PartiesRIDGE LINE, INC., Plaintiff-Appellant, v. UNITED STATES, Defendant-Appellee.
CourtUnited States Courts of Appeals. United States Court of Appeals for the Federal Circuit

William C. Porth, Robinson & McElwee, PLLC, of Charleston, West Virginia, argued for plaintiff-appellant. With him on the brief were Kent J. George and Matthew S. Casto.

Mark R. Haag, Attorney, Environment & Natural Resources Division, United States Department of Justice, of Washington, DC, argued for defendant-appellee. With him on the brief were Thomas L. Sansonetti, Assistant Attorney General; Stuart B. Schoenburg, and Katherine J. Barton, Attorneys. Of counsel on the brief was William B. Neel, Attorney, Office of the General Counsel, United States Postal Service, of Washington, DC.

Robert A. Klimek, Jr., Klimek, Kolodney & Casale, P.C., of Washington, DC, filed an amicus brief for the West Virginia Land and Mineral Owners Council.
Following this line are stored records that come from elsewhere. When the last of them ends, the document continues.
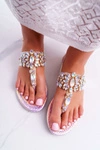 Sandały Japonki Z Kryształami Lu Boo Różowe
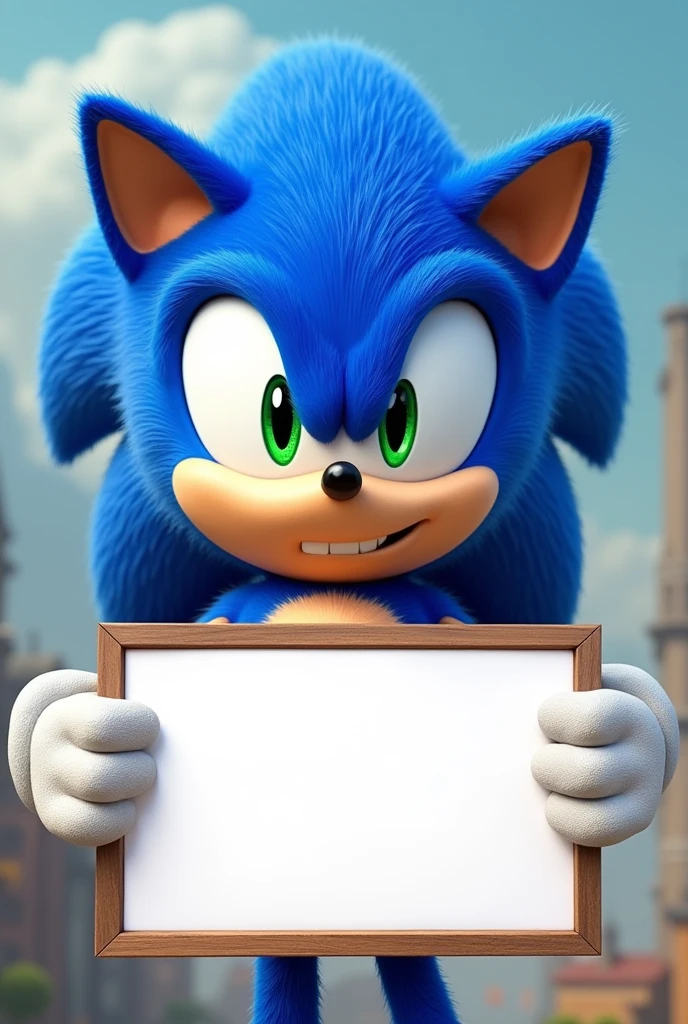 Generates an image that allows you to place a phrase in the center, For example: Smiling Sonic character holding a blank rectangular sign. Only the upper part of the character's body should be visible in the image., that is to say, face and arms.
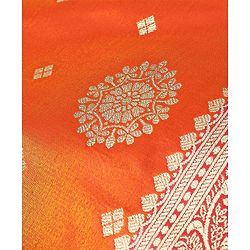 Babyhug Woven Half Sleeve Brocade Choli With Lehenga And Dupatta Set - Orange Red & Pink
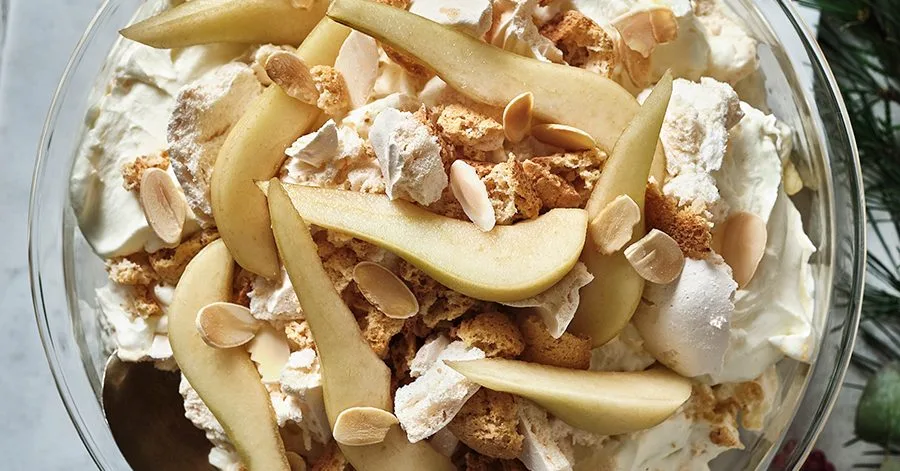 Pear & almond pavlova trifle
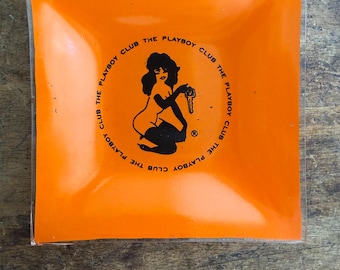 Vintage The Playboy Club Orange Glass Ashtray — Bunny Key Illustration, 1960s Pop Culture Collectible, Catch-All Trinket Dish
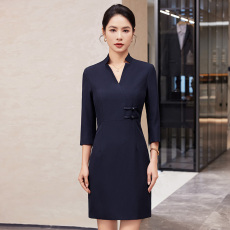 批发中<b class='q'>餐厅</b><b class='q'>服务员</b>工作服七分袖连衣裙女2025年修身显瘦气质新中式裙子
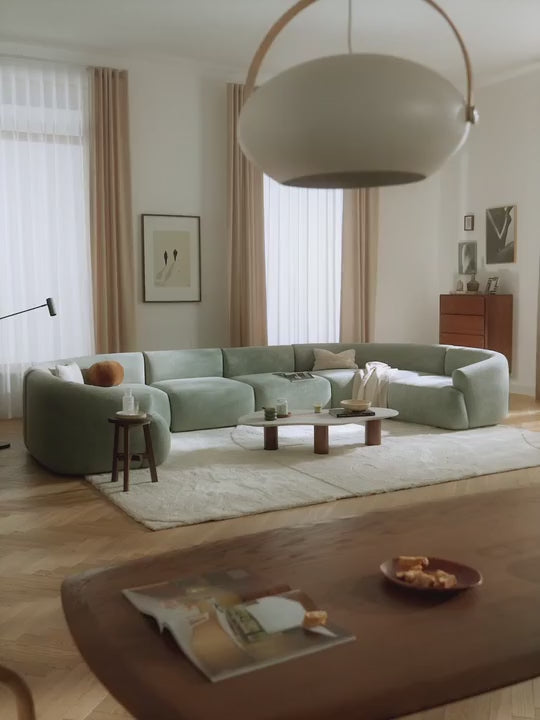 Modern İkili Koltuk Adaçayı Yeşili Dokuma Kadife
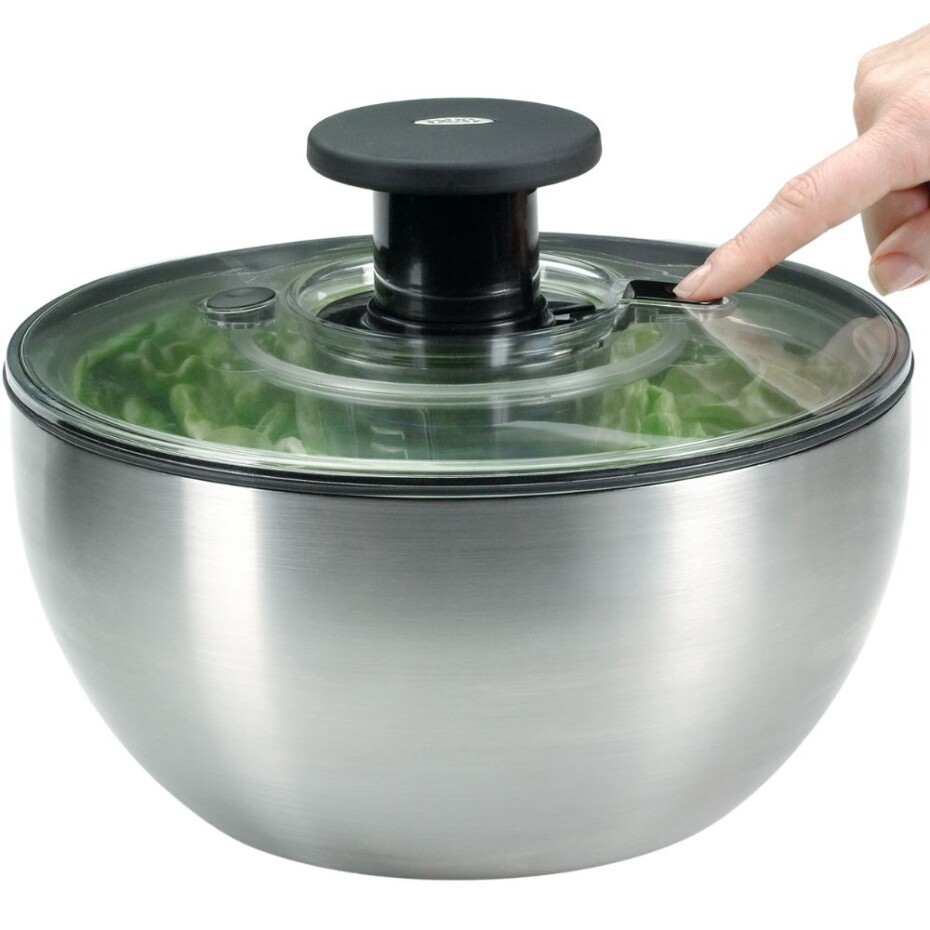 Odstředivka na salát STEEL 6,0 l, stříbrná, nerezová ocel, OXO - main (2)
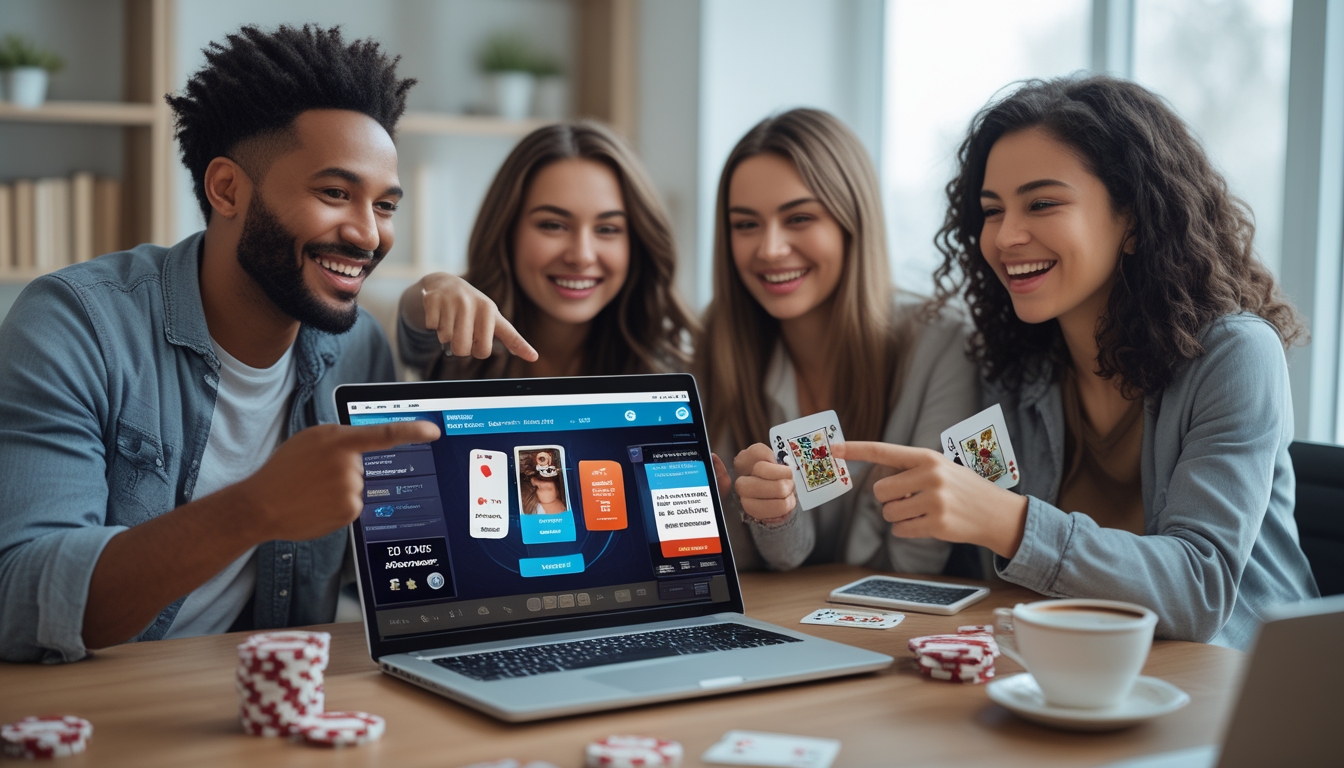 Tiga teman sedang berkumpul di meja dengan laptop yang menampilkan permainan poker online, terlihat senang dan bersemangat sambil menunjuk layar dan memegang kartu remi.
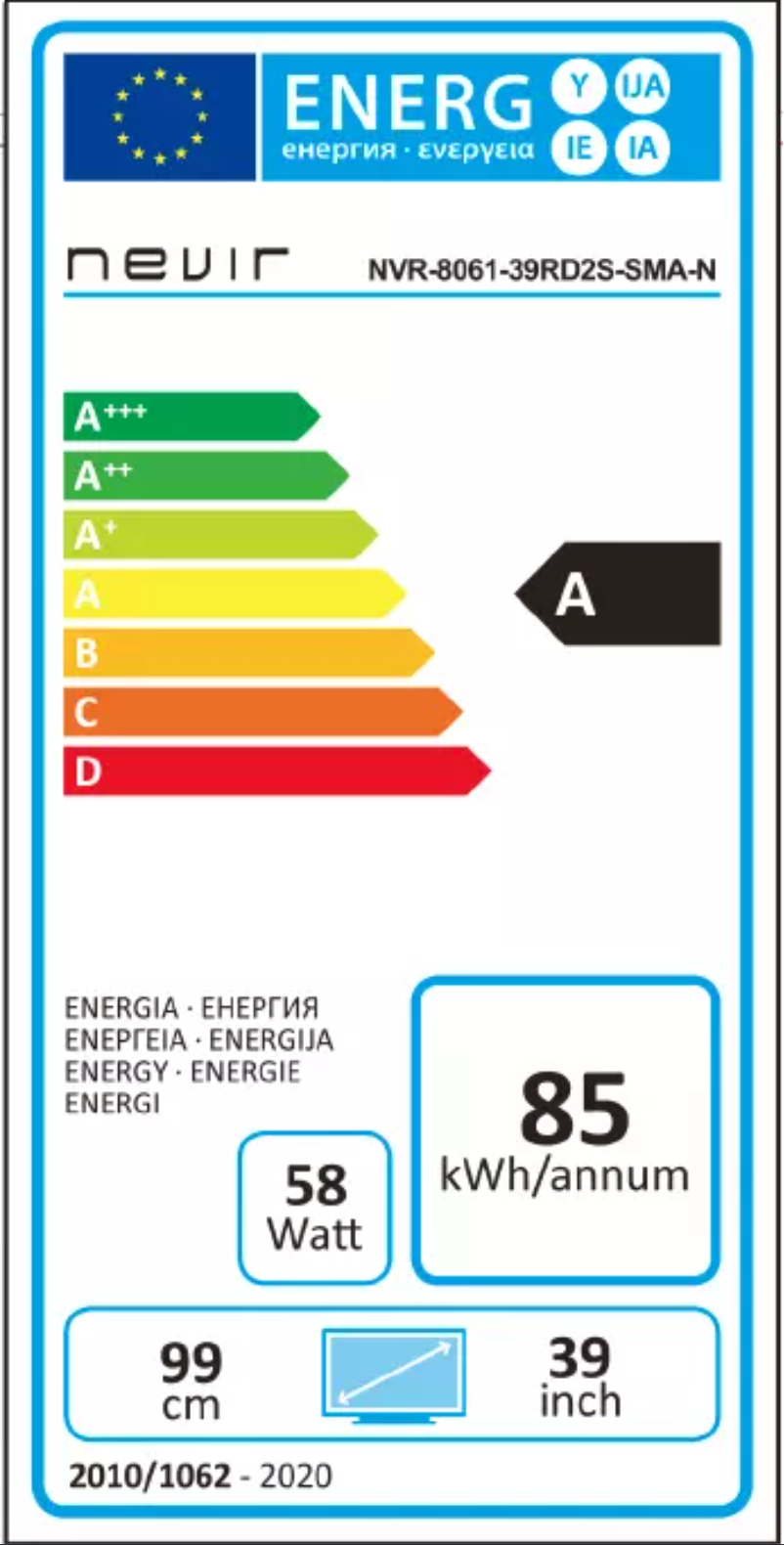 Page n°1 - Label énergétique Nevir NVR-8060-39RD2S-SMA-N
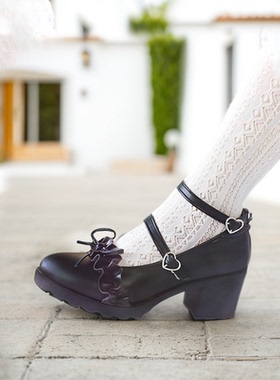 玛丽珍高跟小皮鞋女一字带浅口中跟皮鞋法式优雅原创洛丽塔鞋LO鞋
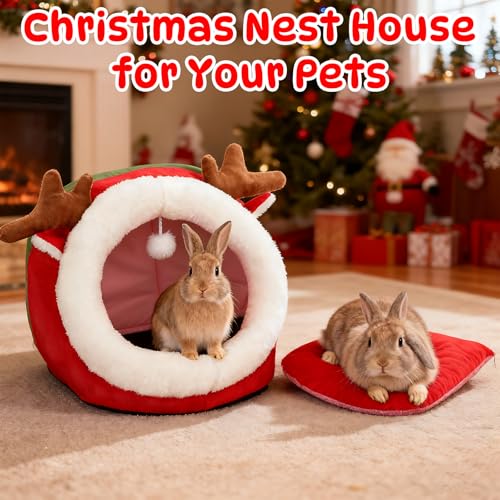 Cozy Reindeer Christmas Pet Bed Cave with Removable Cushion K220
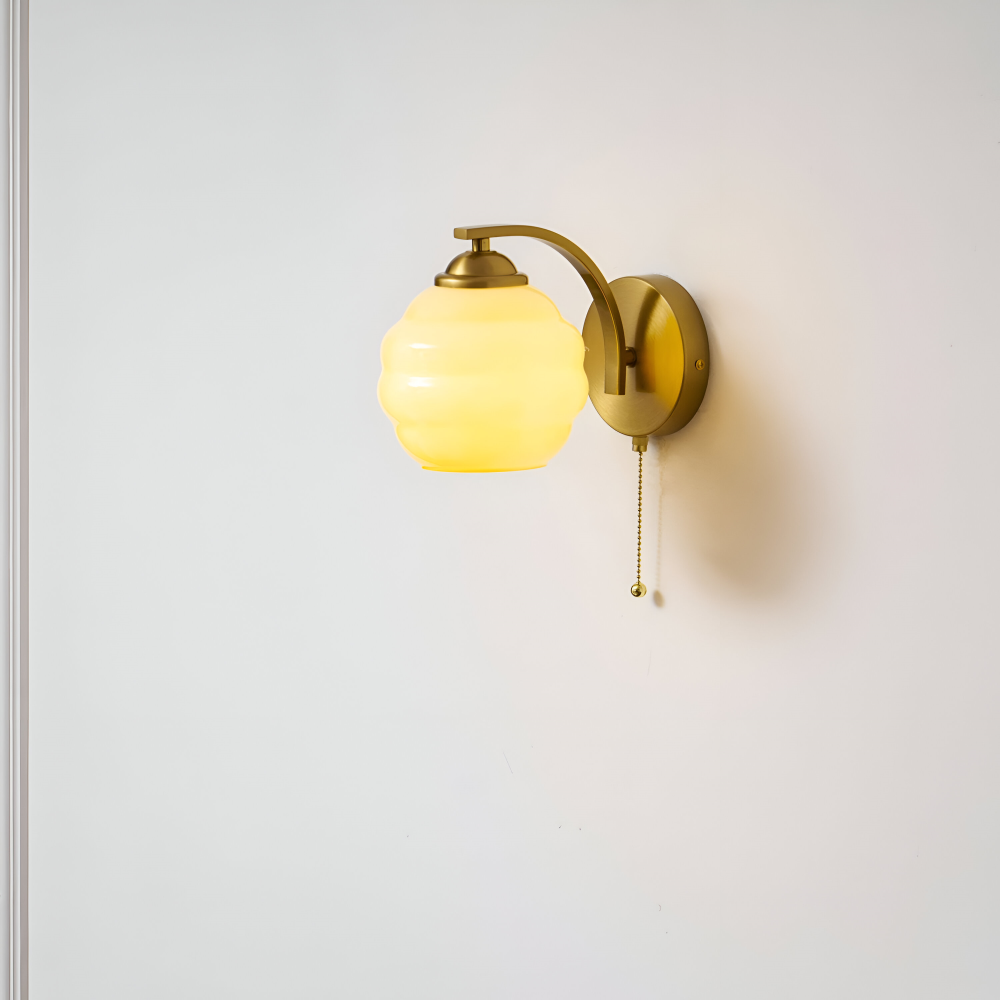 MilkyLume – Artistic Art Deco Style Wall Light in Milk Glass & Metal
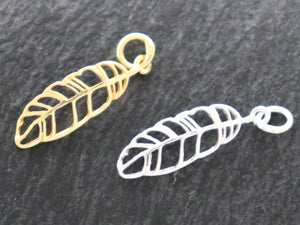 2 PCS Sterling Silver Feather Charms (HT-8268) - Beadspoint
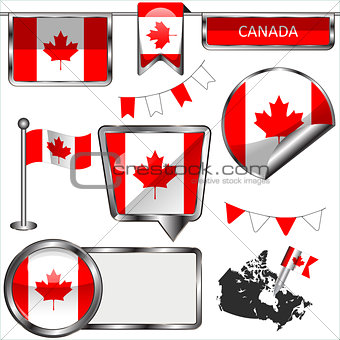 Glossy icons with flag of Canada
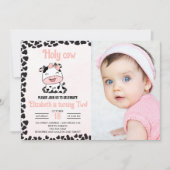 Holy Cow, Cute cow birthday girl Photo 招待状 (正面)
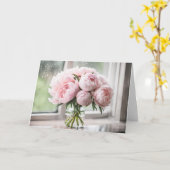 Pink Peony Bouquet zum Geburtstag Karte (Gelbe Blume)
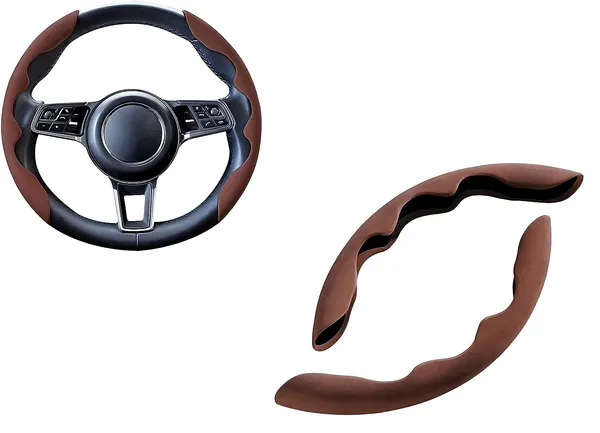 Seude_Brown_Pattern_Steering_Wheel_Cover,_Men'S_And_Women'S_Safe_And_Non-Slip_Car_Accessory_Compatible_With_All_Cars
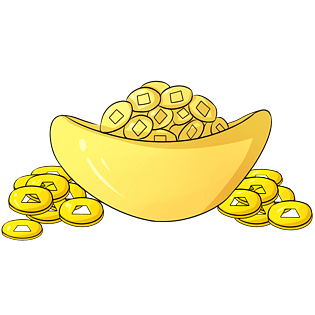 铜钱元素中国铜钱铜钱铜钱元素铜钱元宝铜钱手绘铜钱卡通铜钱金元宝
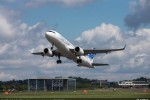 First production Airbus A320 with Sharklet wingtips takes off. (Photo by Airbus)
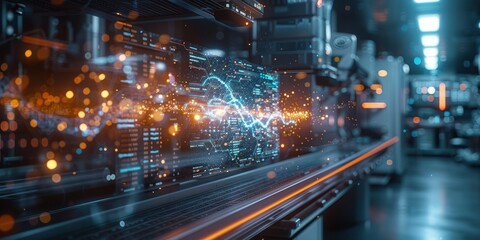 Futuristic laboratory with glowing data streams, holographic analytics, and advanced technology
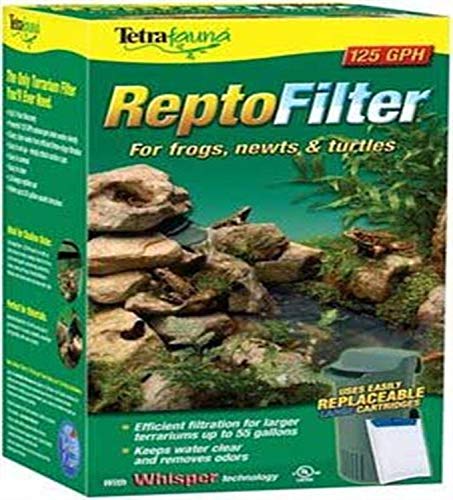 TetraFauna ReptoFilter 50 Gallons, Terrarium Filtration, Keeps Water Clear, 125 GPH, Model:26038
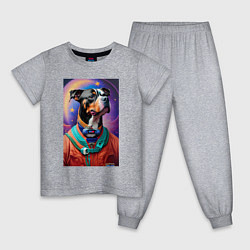 Пижама хлопковая детская Питбуль космонавт - нейросеть, цвет: меланж
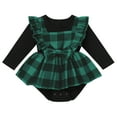 thumbnail image 3 of FYMNSI Christmas Matching Family Outfits Mommy and Me Green Plaid Dresses Father Son Button Down Shirts Xmas Photoshoot Set (Baby Girl 12-18M), 3 of 6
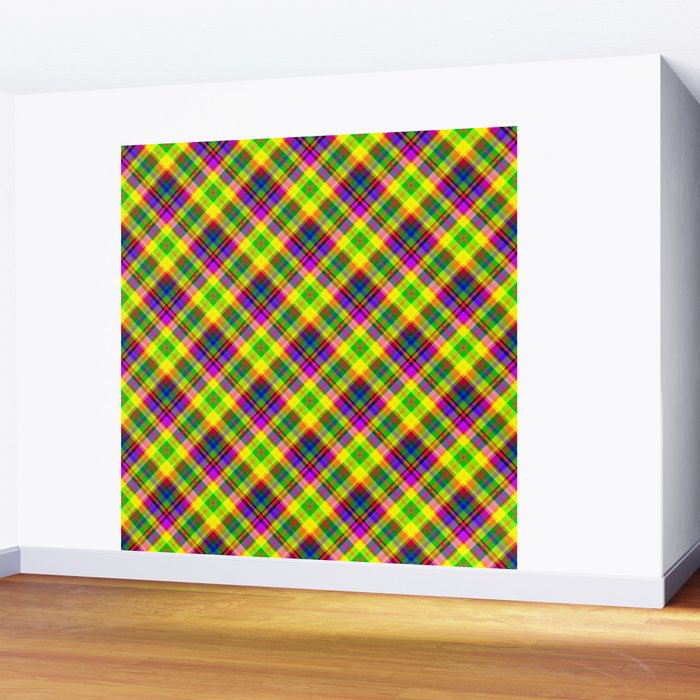 Bright summer neon checkered pattern yellow green purple Wall Mural Gallery Image 2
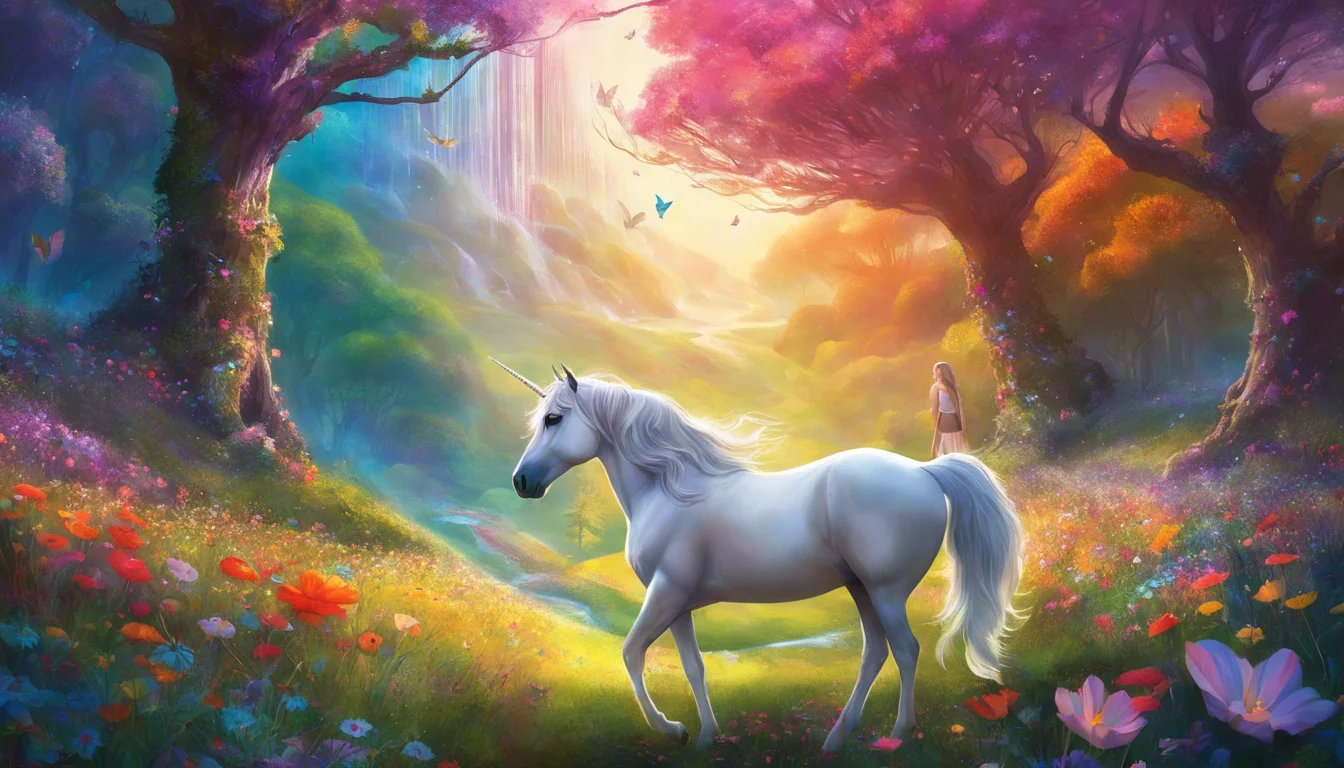 A serene fantasy landscape featuring a white unicorn in a vibrant, colorful forest with blooming flowers, soft lighting, and a mystical waterfall in the background.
Before MICHEL, CLEVENGER, and BRYSON, Circuit Judges.

MICHEL, Circuit Judge.

Ridge Line, Inc. appeals from a judgment following trial by the United States Court of Federal Claims, Ridge Line, Inc. v. United States, No. 98-CV-929, 2002 U.S. Claims LEXIS 240 (Fed.Cl. Sept. 4, 2002), holding that increased storm drainage caused by the construction of a Postal Service facility and associated parking lots and driveways did not constitute a taking of any real property interest of Ridge Line that would justify compensation under the Takings Clause of the United States Constitution. U.S. Const. amend. V. The trial court found that the affected portion of Ridge Line's land, a ravine known as South Hollow, was not effectually destroyed nor suffered a permanent and exclusive occupation by the increased runoff from the federal land uphill from Ridge Line's property and that in any event Ridge Line failed to demonstrate quantified damages for any erosion injury to South Hollow or diminished resale value thereof. Because the trial court (1) failed to address whether the increased storm drainage constituted a taking of a flowage easement by inverse condemnation as expressly argued by Ridge Line and (2) rejected as a permissible basis of damages in any event the cost of the flood control structures Ridge Line built and twice expanded for prevention of further damage to its land, we vacate the trial court's judgment and remand for further analysis and decision consistent with this opinion.

BACKGROUND

West Virginia is so mountainous that land development often leads to greatly increased flow and velocity of storm water runoff due to the reduced capacity of water absorption by the developed property. Ridge Line owns land on which is located Southridge Centre, the largest shopping center and mixed-use commercial development in West Virginia. In 1991, the government purchased a piece of property adjacent to and uphill from the shopping center to build a United States Postal Service facility. Storm water from both the Postal Service property and Southridge Centre drains into South Hollow, which lies between the Postal Service property and the shopping center. At the time the Postal Service developed its property, Ridge Line owned only a portion of South Hollow. In the years following the construction of the Postal Service facility, other portions of South Hollow were also acquired by Ridge Line.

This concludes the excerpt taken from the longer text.